As you might expect, Jones also returned from all of those trips with plenty of stories. There was his first time in Alaska, where he hopped a bush plane with his buddy to visit Yukon-Charley Rivers National Preserve. The only snag? A trio of wildfires virtually surrounded the preserve, a challenge for their young pilot who’d never been to the area before and was using a GPS app on his phone to navigate. Luckily, they landed safely at a historic mining camp, much to everyone’s relief—and to the surprise of firefighters staged in the area. “They’re like, ‘What are you doing here?’ And we’re like, ‘Oh, we’re here for the [national parks] passport stamp,’” he laughs.

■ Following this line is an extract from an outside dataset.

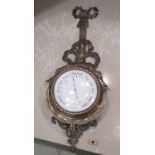 An early 20thC silver plated on copper Holosteric barometer 23''h OS7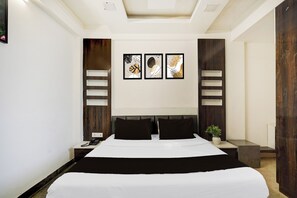 A modern hotel room with a large bed, a bedside table with a phone, a nightstand, and a wall-mounted light fixture. - Super Hotel O GMS Road Formerly The Nest (DEHRADUN)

Because bush flights charge by the minute for ground time, Jones and his pal had only an hour to explore the area; when the fire commander heard about his quest, however, she insisted on reassigning firefight duties in order to personally escort them to Slaven’s Roadhouse, a relic of the Klondike Gold Rush era they wouldn’t have been able to see otherwise. Back at the helicopter (with a scant minute of overtime on the ground), they then flew directly into a storm. “We’re doing figure eights and I’m looking at my GPS, and it’s like—this doesn’t look very good. And then the pilot just banks to one side and guns it for, like, 20 minutes,” says Jones. Another perfect landing—and a helluva memory.

Glacier Bay National Park; the sign says it all!

Then there was a visit to rarely visited Aniakchak National Monument and Preserve, centered on a caldera located on the remote Aleutian Peninsula. The weather is volatile, condition reports are hard to come by, and flights depend on clear(ish) skies; Jones and his girlfriend waited five and a half of the six days they’d allotted, checking with pilots every two hours until they caught a break. And then the couple had to run for it—they had twenty minutes to meet the plane. This time an innkeeper—one they’d just negotiated a new room with, figuring they’d have to stay in town a bit longer to visit the preserve—took pity and offered them a ride.

With marginal conditions, Jones wasn’t sure if the pilot was going to be able to land; the dream might be on hiatus until he could save up enough money for a return visit. But then the shocking blue waters of Surprise Lake, tucked inside the caldera, came into view. “It was one of the most meaningful moments in my life. My girlfriend started crying as soon as we hit the water,” says Jones. “It was really triumphant and emotional, and all I had was Queen’s ‘We Are the Champions’ playing in my head.”

Jones would finish the national parks portion of his quest a few days later at Glacier Bay National Park and Preserve, not only in the company of his girlfriend, but also some friends who’d gathered to surprise him (Jen’s tears upon landing at the lake were partially due to the overwhelming relief that they wouldn’t screw up everyone else’s travel plans by arriving late to Glacier Bay). But neither that experience, nor his last one at Upper Missouri River Breaks means that Jones is done. “It feels like a weird, arbitrary ending,” he says. “It’s a big accomplishment, but it’s not like I’m not going to keep going to these places.”

Misty Fjords National Monument.

If there’s one thing that comes across when talking with Jones, it’s that he’s not merely a collector; he’s grateful for how these places have shaped him along the way. He’s been plenty moved by beautiful scenery, for sure, but places like Manzanar, a World War II-era Japanese internment camp located in California’s dusty Owens Valley, and Topeka’s Brown V. Board of Education Historic Site, which chronicles the fight to end school segregation, struck an equally deep chord. Jones recalls walking down a hallway lined with video screens at the latter, surrounded by footage of people yelling racial epithets—the same thing Linda Brown would have experienced while going to school.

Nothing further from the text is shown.